Running from Midtown to Harlem, Central Park is a great place for locals or visitors to gather year-round. For fans of late autumn, it’s a wonderful respite. And a good bit of the 2017 parade route will go along the park, so you won’t have far to go after the parade.
Central Park has an interesting history.
New York’s population was swelling in the mid-19th century, so the New York State Legislature set aside a big chunk of land to create a public park. Landscape architects Frederick Law Olmsted and Calvert Vaux had to come up with what Olmsted called “the lungs of the city” after winning a design contest in 1858.
The park has evolved since then to become the showpiece it is today: a public space of forested paths, tranquil ponds and fountains, popular performance spaces and long stretches of green.
Who doesn’t love the Big Apple restaurant scene?
For a traditional American experience, sample butternut squash soup, traditional roast turkey and pumpkin pie at Fraunces Tavern (54 Pearl Street), a romantically rustic restaurant that George Washington frequented.

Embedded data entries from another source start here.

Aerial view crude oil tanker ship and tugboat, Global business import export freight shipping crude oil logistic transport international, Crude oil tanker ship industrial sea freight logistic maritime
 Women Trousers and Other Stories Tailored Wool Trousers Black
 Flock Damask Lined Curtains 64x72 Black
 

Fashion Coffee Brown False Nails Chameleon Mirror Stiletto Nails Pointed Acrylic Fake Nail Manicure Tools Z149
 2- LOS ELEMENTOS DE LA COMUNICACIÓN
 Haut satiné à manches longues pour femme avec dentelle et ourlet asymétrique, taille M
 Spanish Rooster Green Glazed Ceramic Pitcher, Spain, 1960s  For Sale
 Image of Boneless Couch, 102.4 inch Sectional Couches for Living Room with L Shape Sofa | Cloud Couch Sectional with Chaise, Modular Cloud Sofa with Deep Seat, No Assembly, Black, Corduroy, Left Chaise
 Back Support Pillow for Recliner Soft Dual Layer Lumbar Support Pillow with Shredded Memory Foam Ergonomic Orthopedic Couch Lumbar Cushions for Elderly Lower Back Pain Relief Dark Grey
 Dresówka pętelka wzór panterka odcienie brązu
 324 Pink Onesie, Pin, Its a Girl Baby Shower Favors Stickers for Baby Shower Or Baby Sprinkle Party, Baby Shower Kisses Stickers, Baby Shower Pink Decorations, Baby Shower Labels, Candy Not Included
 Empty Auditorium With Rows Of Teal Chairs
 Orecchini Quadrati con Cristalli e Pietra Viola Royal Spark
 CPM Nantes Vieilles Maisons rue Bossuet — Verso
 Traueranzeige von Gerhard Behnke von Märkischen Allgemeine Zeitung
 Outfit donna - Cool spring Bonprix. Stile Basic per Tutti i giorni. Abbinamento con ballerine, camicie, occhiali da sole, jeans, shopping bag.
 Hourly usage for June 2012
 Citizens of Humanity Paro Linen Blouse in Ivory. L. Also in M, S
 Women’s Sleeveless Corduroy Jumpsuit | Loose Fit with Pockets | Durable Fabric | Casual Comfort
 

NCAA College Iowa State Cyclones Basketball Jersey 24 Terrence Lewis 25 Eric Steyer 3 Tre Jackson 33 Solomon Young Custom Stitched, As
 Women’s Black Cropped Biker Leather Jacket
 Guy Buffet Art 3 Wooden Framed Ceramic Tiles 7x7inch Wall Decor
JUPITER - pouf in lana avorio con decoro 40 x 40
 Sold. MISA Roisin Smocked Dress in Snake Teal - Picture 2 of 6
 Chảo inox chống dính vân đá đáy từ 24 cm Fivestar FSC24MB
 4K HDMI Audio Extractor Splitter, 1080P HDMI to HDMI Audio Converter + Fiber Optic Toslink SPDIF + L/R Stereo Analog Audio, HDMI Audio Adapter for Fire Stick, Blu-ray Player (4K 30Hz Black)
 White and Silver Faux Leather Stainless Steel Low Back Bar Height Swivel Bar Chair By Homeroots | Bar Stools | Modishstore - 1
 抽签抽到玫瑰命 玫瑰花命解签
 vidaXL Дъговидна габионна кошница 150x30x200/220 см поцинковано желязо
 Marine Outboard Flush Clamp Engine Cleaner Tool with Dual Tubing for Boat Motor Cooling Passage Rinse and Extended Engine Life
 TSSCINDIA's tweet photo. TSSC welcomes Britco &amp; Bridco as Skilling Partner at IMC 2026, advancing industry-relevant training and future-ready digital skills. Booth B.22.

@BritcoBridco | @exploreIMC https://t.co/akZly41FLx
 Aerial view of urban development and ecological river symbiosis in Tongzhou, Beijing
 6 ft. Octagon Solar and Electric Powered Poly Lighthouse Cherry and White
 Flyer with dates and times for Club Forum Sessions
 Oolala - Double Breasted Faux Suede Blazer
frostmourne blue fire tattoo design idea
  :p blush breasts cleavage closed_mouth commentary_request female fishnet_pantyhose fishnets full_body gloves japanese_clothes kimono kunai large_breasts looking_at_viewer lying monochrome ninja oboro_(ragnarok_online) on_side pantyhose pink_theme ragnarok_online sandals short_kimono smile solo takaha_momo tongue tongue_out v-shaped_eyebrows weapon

Set on a quaint cobblestone street, this downtown brick mansion house will take you back in time — even if it’s not your own history.
Speaking of our first President, you can also visit Fraunces Tavern Museum and learn more about his role in New York in the Revolution. You can also go on a walking tour on November 25 and 26.
Does a coterie of swanky gourmet foods with a stellar setting whet your appetite? Try the Loeb Boathouse Central Park. After a leisurely stroll up the ever-so-fancy Fifth Avenue, enter the park at 72nd Street and amble past the greens toward this charming eatery.
And if you’re catching a Broadway show, check out Ellen’s Stardust Diner (1650 Broadway). Hear New York’s finest fledgling performers, wearing 1950s outfits, sing to you as you enjoy your burger and fries (a true American meal).
So you’ve seen the parade. You’ve walked around Central Park in its autumn glory. You’ve had a great meal. Now it’s time to do a little shopping, NYC-style.
Visitors may enjoy walking through the aisles of classic flagship shopping haunts, including:
— Barneys New York (660 Madison Avenue)
— Bergdorf Goodman (Fifth Avenue and 58th Street)
— Bloomingdale’s (59th Street and Lexington Avenue)
— Tiffany (Fifth Avenue and 57th Street)
If you’re looking for something a little more funky and offbeat (and maybe less expensive), browse the vintage boutiques and thrift shops in the East and West Villages, the Flatiron District and Canal Street instead.